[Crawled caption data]

******

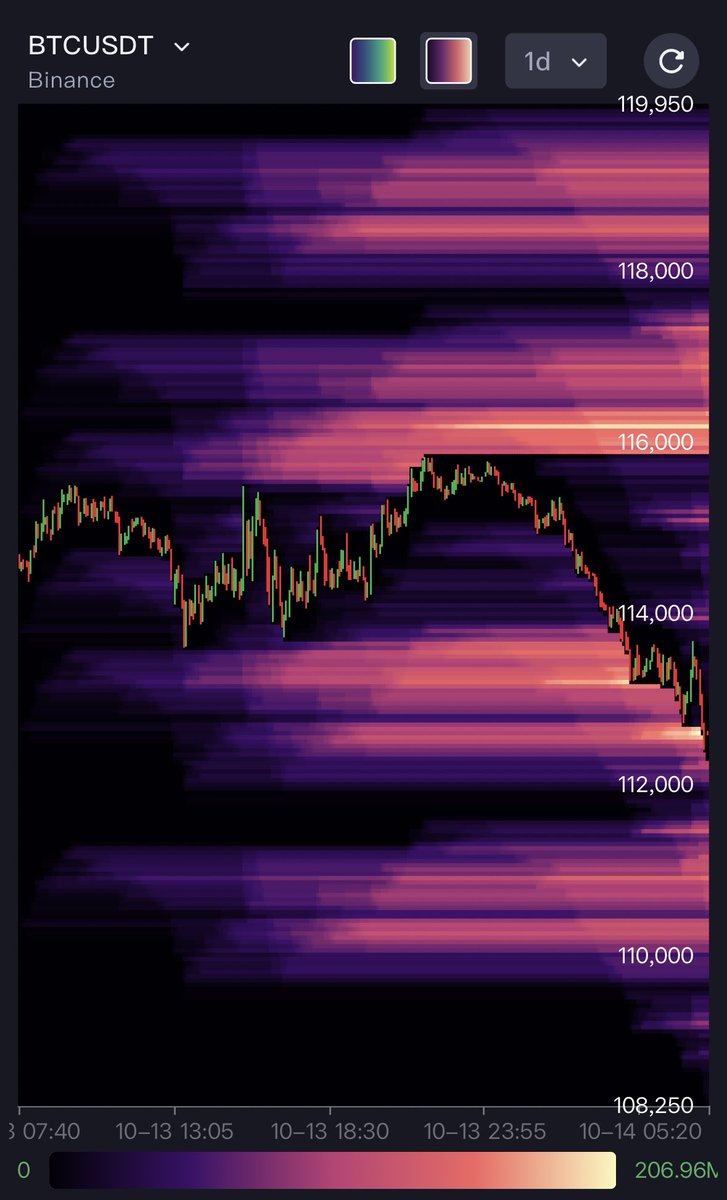 Bitcoin_Dani's tweet photo. 🚨Marktupdate zum Start in die neue Woche

Nachdem wir letzte Woche Freitag die größte Liquidierungswelle in der Geschichte des Kryptomarktes erlebt haben, scheint sich nun langsam der Rauch zu legen. Viele fragen sich, was genau diese Liquidationskette ausgelöst hat, dazu hat @robynhd bereits eine sehr gute Zusammenfassung veröffentlicht. Checkt sein Profil ab 🤙

Trotzdem ist es jetzt wichtig, den Blick nach vorne zu richten. Es bringt nichts, in der Vergangenheit zu verweilen. Entscheidend ist die Frage:
Wo stehen wir jetzt und was muss passieren, damit es weitergeht?

Das vierte Quartal ist bereits in vollem Gange. In knapp zweieinhalb Monaten endet das Jahr und viele warten auf das große Q4-Narrativ, das den Markt noch einmal antreiben könnte.

Wenn wir uns den Chart ansehen, erkennen wir zunächst einen klaren Widerstand im Bereich um 115.500 $, markiert durch die gelbe Linie ( Bild 1 +2). Dort liegt auch ein signifikanter Spike im Volumenprofil, der diese Zone als wichtige Hürde bestätigt. Die rote Linie im selben Chart zeigt den Point of Control, also die Preisregion, in der zuletzt das meiste Volumen gehandelt wurde. Das sind die beiden ersten großen Ebenen, die Bitcoin überwinden müsste, um neues Momentum aufzubauen.

Zusätzlich sehen wir im weiteren Verlauf (Bild 3), dass der EMA 50 aktuell direkt vor uns liegt und als Widerstand fungiert. Solange wir diesen nicht klar durchbrechen, wird es schwer, eine nachhaltige Aufwärtsbewegung zu etablieren. 

Parallel dazu signalisiert der Fear & Greed Index mit einem Wert von 39 weiterhin Angst am Markt. Für mich persönlich ist das aber kein schlechtes Zeichen. Angstphasen sind oft die Grundlage für eine neue, euphorische Welle. Trotzdem sollte man vorsichtig bleiben und nicht zu weit in die Zukunft interpretieren. Prognosen auf Wochenbasis sind in solch volatilen Phasen oft wertlos, wichtiger ist, die aktuellen Strukturen zu lesen und kurzfristige Trends richtig einzuordnen.👍

Ein Blick auf die Heatmap zeigt derzeit ein ausgewogenes Bild mehrere Cluster in unterschiedlichen Preiszonen, aber keine eindeutige Überhitzung. Das deutet darauf hin, dass der Markt aktuell keine klare Richtung vorgibt, sondern sich in einer Phase der Neuorientierung befindet.

Unterm Strich ist der Markt aktuell unsicher. Es gibt weder klare bullische noch bärische Signale. In solchen Phasen ist es entscheidend, ruhig zu bleiben und sich weiter täglich mit dem Markt zu beschäftigen.
Wer in Angst handelt, macht Fehler.
Wer aber beobachtet, reflektiert und sich weiterentwickelt, wird langfristig profitieren.

Denn am Ende geht es nicht darum, jeden Move vorherzusehen, sondern darum, nicht aus dem Konzept zu geraten, wenn der Markt uns wieder überrascht. 🫡

#Bitcoin #Krypto #Update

******

= TRY IT =
Omit the pictures. Repeat the rest of the data exactly.

= RESPONSE TO THE TASK =
 Bitcoin_Dani's tweet photo. 🚨Marktupdate zum Start in die neue Woche

Nachdem wir letzte Woche Freitag die größte Liquidierungswelle in der Geschichte des Kryptomarktes erlebt haben, scheint sich nun langsam der Rauch zu legen. Viele fragen sich, was genau diese Liquidationskette ausgelöst hat, dazu hat @robynhd bereits eine sehr gute Zusammenfassung veröffentlicht. Checkt sein Profil ab 🤙

Trotzdem ist es jetzt wichtig, den Blick nach vorne zu richten. Es bringt nichts, in der Vergangenheit zu verweilen. Entscheidend ist die Frage:
Wo stehen wir jetzt und was muss passieren, damit es weitergeht?

Das vierte Quartal ist bereits in vollem Gange. In knapp zweieinhalb Monaten endet das Jahr und viele warten auf das große Q4-Narrativ, das den Markt noch einmal antreiben könnte.

Wenn wir uns den Chart ansehen, erkennen wir zunächst einen klaren Widerstand im Bereich um 115.500 $, markiert durch die gelbe Linie ( Bild 1 +2). Dort liegt auch ein signifikanter Spike im Volumenprofil, der diese Zone als wichtige Hürde bestätigt. Die rote Linie im selben Chart zeigt den Point of Control, also die Preisregion, in der zuletzt das meiste Volumen gehandelt wurde. Das sind die beiden ersten großen Ebenen, die Bitcoin überwinden müsste, um neues Momentum aufzubauen.

Zusätzlich sehen wir im weiteren Verlauf (Bild 3), dass der EMA 50 aktuell direkt vor uns liegt und als Widerstand fungiert. Solange wir diesen nicht klar durchbrechen, wird es schwer, eine nachhaltige Aufwärtsbewegung zu etablieren. 

Parallel dazu signalisiert der Fear & Greed Index mit einem Wert von 39 weiterhin Angst am Markt. Für mich persönlich ist das aber kein schlechtes Zeichen. Angstphasen sind oft die Grundlage für eine neue, euphorische Welle. Trotzdem sollte man vorsichtig bleiben und nicht zu weit in die Zukunft interpretieren. Prognosen auf Wochenbasis sind in solch volatilen Phasen oft wertlos, wichtiger ist, die aktuellen Strukturen zu lesen und kurzfristige Trends richtig einzuordnen.👍

Ein Blick auf die Heatmap zeigt derzeit ein ausgewogenes Bild mehrere Cluster in unterschiedlichen Preiszonen, aber keine eindeutige Überhitzung. Das deutet darauf hin, dass der Markt aktuell keine klare Richtung vorgibt, sondern sich in einer Phase der Neuorientierung befindet.

Unterm Strich ist der Markt aktuell unsicher. Es gibt weder klare bullische noch bärische Signale. In solchen Phasen ist es entscheidend, ruhig zu bleiben und sich weiter täglich mit dem Markt zu beschäftigen.
Wer in Angst handelt, macht Fehler.
Wer aber beobachtet, reflektiert und sich weiterentwickelt, wird langfristig profitieren.

Denn am Ende geht es nicht darum, jeden Move vorherzusehen, sondern darum, nicht aus dem Konzept zu geraten, wenn der Markt uns wieder überrascht. 🫡

#Bitcoin #Krypto #Update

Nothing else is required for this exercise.